Segment Open

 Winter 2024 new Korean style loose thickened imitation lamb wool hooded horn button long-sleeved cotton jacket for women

Segment Closed
Segment Open

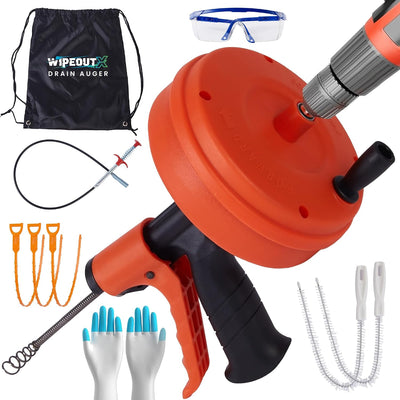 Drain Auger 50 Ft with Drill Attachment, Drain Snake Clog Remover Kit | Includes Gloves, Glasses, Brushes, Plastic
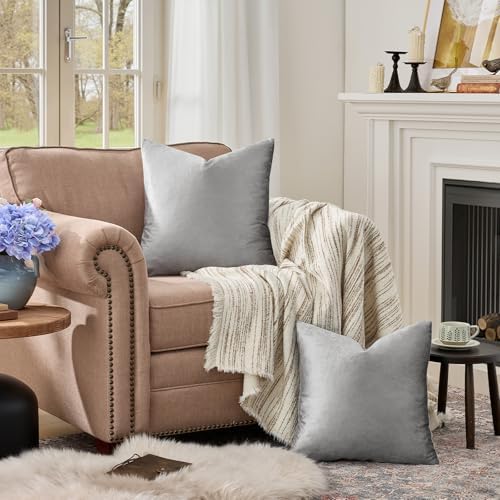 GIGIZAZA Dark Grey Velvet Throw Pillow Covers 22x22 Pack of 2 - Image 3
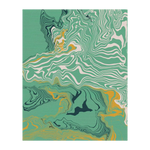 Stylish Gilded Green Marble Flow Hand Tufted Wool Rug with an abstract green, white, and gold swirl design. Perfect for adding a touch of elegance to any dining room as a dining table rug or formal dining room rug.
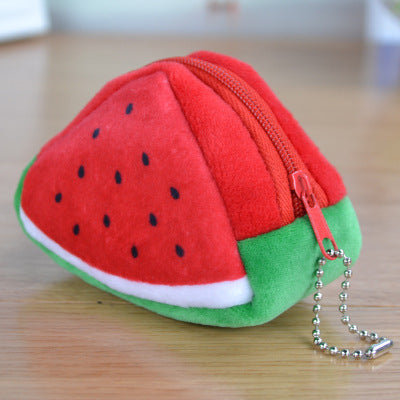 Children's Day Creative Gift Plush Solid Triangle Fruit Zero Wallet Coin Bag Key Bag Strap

Segment Closed

**Work request**
Return the lines above from the one with "Drain Auger 50" through the one with "GIGIZAZA Dark Grey", verbatim and nothing else. Omit every picture.

**Your solution**
 Drain Auger 50 Ft with Drill Attachment, Drain Snake Clog Remover Kit | Includes Gloves, Glasses, Brushes, Plastic
 GIGIZAZA Dark Grey Velvet Throw Pillow Covers 22x22 Pack of 2 - Image 3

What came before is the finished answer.